There was a post some years ago that circulated these boards written by an ex manager in Cisco. His description was really a good and informative.
From my memory, it goes like this. Several weeks before earnings call/announcements, higher management decides about numbers that need to be slashed. Then they make lists.. They look into people working on projects that are going to be slashed, for example. In this case, it doesn't matter how good or bad you are, it is about project you're working on. But as we know, sometimes people that work on important projects are also let go. Obviously, there are other criteria involved, and they rank people by other metrics.
Once the lists are made, they go through legal to determine if some of those on the lists are from protected categories. Once these guys give a blessing, lists are final.
Now, important part to understand is that your manager isn't included in making those lists. Nobody asks them for their input. They only hear about it once the decision is made and then they go to some training how to deliver the news to impacted employee.

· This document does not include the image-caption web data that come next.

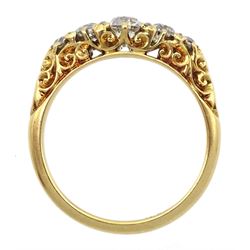 Early 20th century gold graduating five stone old cut diamond ring, with diamond accents set between, stamped 18ct, principal diamond approx 0.40 carat, total diamond weight approx 0.80 carat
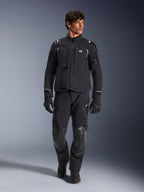 Männliches Model in Alpinestars Andes Pro Drystar® XF Jacke, Adventure-Motorradjacke in Schwarz und Dunkelgrau, kombiniert mit passender technischer Hose und Handschuhen, mit mehreren Taschen und „Terra“-Branding auf der Brust.
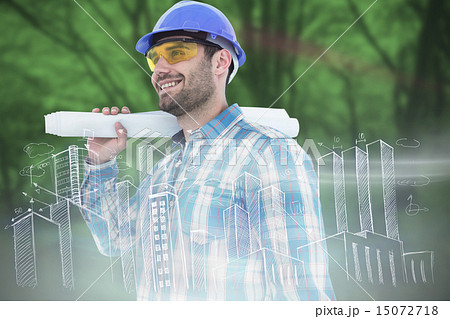 Composite image of smiling architect looking away while holding Composite image of smiling architect looking away while holding 15072718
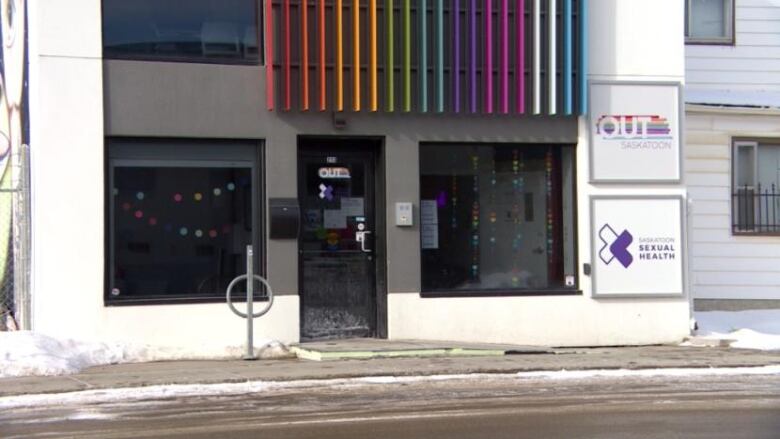 Exteriors of a building with rainbow wall.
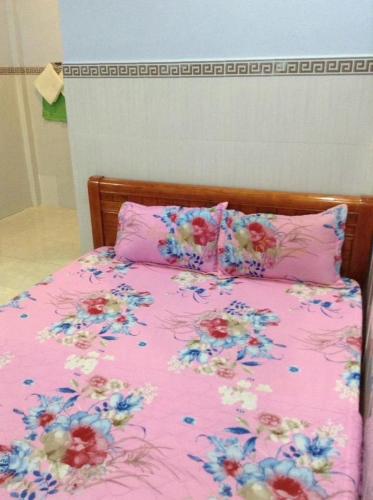 Bett mit rosa Daunendecke und Blumen drauf in der Unterkunft Nhà nghỉ Ngọc Duy Bến Tre in Ben Tre
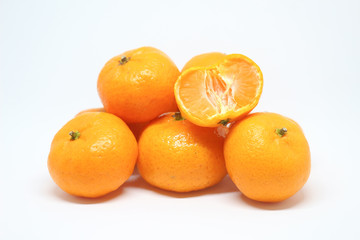 Fresh mandarin oranges on white background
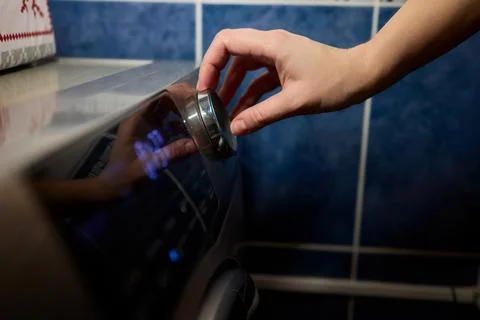 Operating a Modern Washing Machine A Comprehensive Guide to Efficient, User Stock Photos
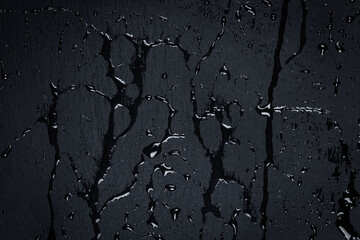 Fototapeta premium Water on dark stone surface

When it comes to those additional criteria, it can be the question if you met expectations for your pay grade during those performance talks with your manager. Then another criteria, and I was really surprised by it when I got such information is the IPF that you received last time. It was used as some kind of stack ranking metric. I thought that would be illegal, but it is probably something they can officially hide.
In this sense, your manager can affect your fate in LRs.
After learning all that, I noticed how my managers were acting and I figured what they were doing. If they want to keep someone, they put them on a good project. If they don't, they consistently put these guys on projects with the least importance or, in other cases, risky projects with a great chance of failure.